This issue is likely one of the last ones I read at my parents’ house (though nothing in it possesses any familiarity)—I would have been just a few weeks away from embarking on my graduate studies in the Land of Lincoln. I have no idea when Dad let the subscription lapse, but it probably didn’t continue too much longer.
The format had changed somewhat while I was in college: Recordings of Special Merit were no more after March 1984, and there are seemingly fewer featured reviews overall. It’s still a pleasure for me to take a trip back in time, though.
Articles
On the equipment side, there’s a lengthy “special report” on Japanese audio technology, as well as something on “How to Buy a Receiver.” The centennial of Franz Liszt’s death was 7/31/86, and SR raises a glass in tribute by identifying some of their favorite recordings of Liszt’s work.
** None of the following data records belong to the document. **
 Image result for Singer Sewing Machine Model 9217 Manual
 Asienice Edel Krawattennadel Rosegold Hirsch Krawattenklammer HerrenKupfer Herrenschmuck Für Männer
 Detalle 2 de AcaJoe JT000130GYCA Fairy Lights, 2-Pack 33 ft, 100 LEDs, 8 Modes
Our reviewers this month are Chris Albertson, Phyl Garland, Alanna Nash, Mark Peel, Peter Reilly, and Steve Simels. Joel Vance had left the building by this point, and I didn’t find anything with Reilly’s name on it in this issue,either.
Best of the Month
–Reba McEntire, Whoever’s in New England (AN) “…(I)t’s certain that McEntire…has not only revived the woman-to-woman genre, but that she has also confirmed her place alongside Wynette and Wells as one of the formost woman singers in the history of country music.”
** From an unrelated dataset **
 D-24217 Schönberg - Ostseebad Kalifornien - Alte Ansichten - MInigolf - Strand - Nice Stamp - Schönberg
–Stan Ridgway, The Big Heat (MP) “A bizarre collision of styles, but it works…(o)ne of the real finds of 1986.” Songs from Ridgway’s follow-up LP Mosquitos have gotten play here a couple of times, but I’ve not taken time for The Big Heat; that’s about to change.
Featured Reviews
–The Cult, Love (MP) “Everything else recedes before the awesome display of heavy-metal firepower by guitarist William Duffy.”
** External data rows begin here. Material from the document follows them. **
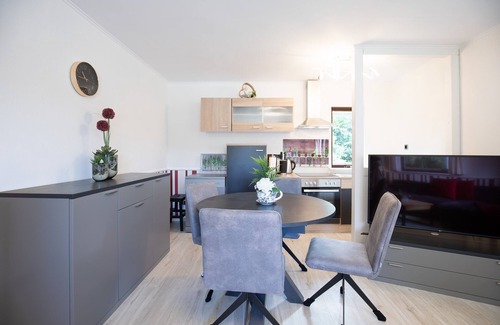Almdorf Casa | Vacation home Friesenkrabbe in Almdorf for up to 4 people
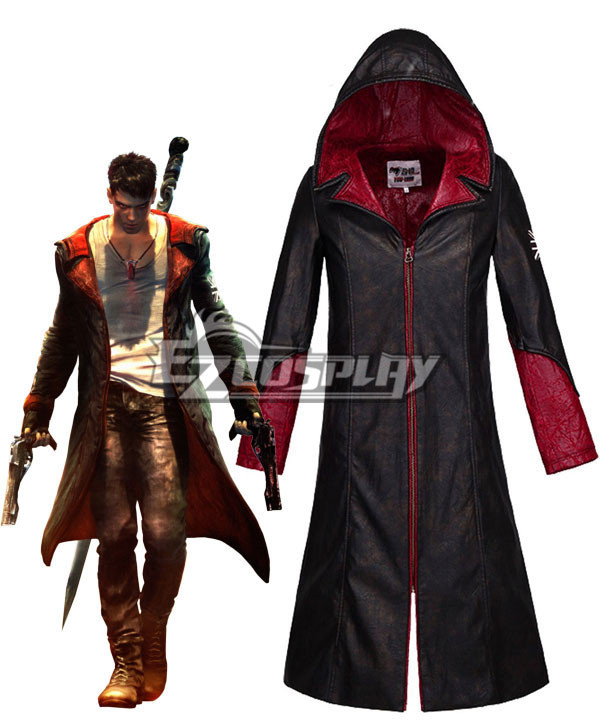ITL Manufacturing New DMC Devil May Cry 5 Jacket Dante Cosplay Costume Coat Men's Shirt Halloween Costume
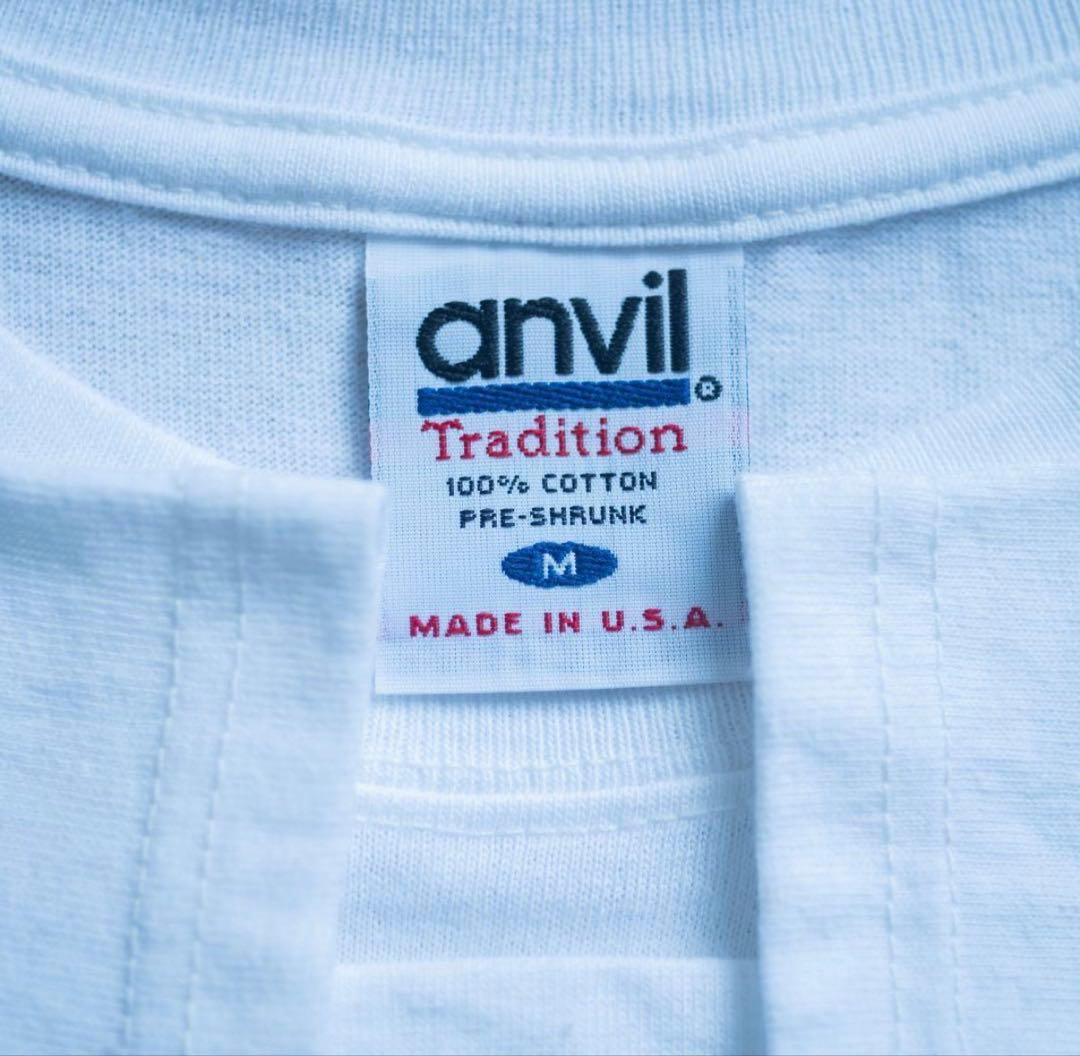 00sグッドデザインUSA製Anvil企業アートヴィンテージTシャツフォト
–The Rolling Stones, Dirty Work (Louis Meredith). “…sounds more like temp work.”
–James Williams, Progress Report (CA) “This is not just another jazz album. We will remember this one long after the fusioneers have synthesized their last notes…”
Selected Other LPs Reviewed
Rock/Popl/Country/Soul:
–Hüsker Dü, Candy Apple Grey (SS) “The counterpoint between Mould’s anthems of confusion…and Hart’s pop tunes…make for one of the neatest sweet-and-sour experiences since Lennon and McCartney.”
–Jermaine Jackson, Precious Moments (PG) “(Michael’s) brother Jermaine not only possesses more substantial musical gifts but is a better singer.”
–Judas Priest, Turbo (MP)
–The Moody Blues, The Other Side of Life (MP) “There ought to be a warning about the mushbrain lyrics, but it’s fun.”
–The Rave-Ups, Town and Country (AN) “If you can imagine the kind of music a band made up of Pete Townshend, John Lennon, Bob Dylan, Tom Petty, Brian Wilson, Johnny Cash, and Carl Perkins might make, then you have an idea of what to expect from the Rave-Ups.” The band plays “Positively Lost Me,” the lead track on Town and Country, in a scene in the movie Pretty in Pink (lead Rave-Up Jimmer Podrasky was seeing Molly Ringwald’s sister at the time; they eventually had a kid whose name graced the band’s third and final album). You have to go looking for this album, but it’s good.
–The Swimming Pool Q’s, Blue Tomorrow (MP) “(Their) savvy feel for Eighties pop rhythms…combined with an old-fashioned acoustic sensibility and applied to material that evokes bands like the Byrds, the old Jefferson Airplane, and even Peter, Paul and Mary, make the Swimming Pool Q’s one of the most original bands in pop.” I was thinking their previous album (self-titled and their major-label debut) had been a Best of the Month, but I’m not finding any evidence of that right now.
–The Violent Femmes, The Naked Leading the Blind (SS)
–Dwight Yoakam, Guitars, Cadillacs, Etc., Etc. (AN) “But Yoakam…may also have been too cool for Nashville in the late Seventies, so now he’s come through the same door that Emmylou Harris did a decade ago—winning the hip, pop California audience with a music of intense, hardscrabble purity.”
Jazz:
–Jeannie and Jimmy Cheatham, Midnight Mama (CA) “All in all, this album is a joy from beginning to end, a wonderful reminder of a time when groups like Louis Jordan’s Tympany Five….stirred a whole lot of fun into a rhythmic jazz blend.”
–Paula Hatcher, Rise and Shine! (CA)
–Kazumi Watanabe, Mobo Splash (CA) “Watanabe himself is both adept and creative, but there is still something cold and metallic about it all.”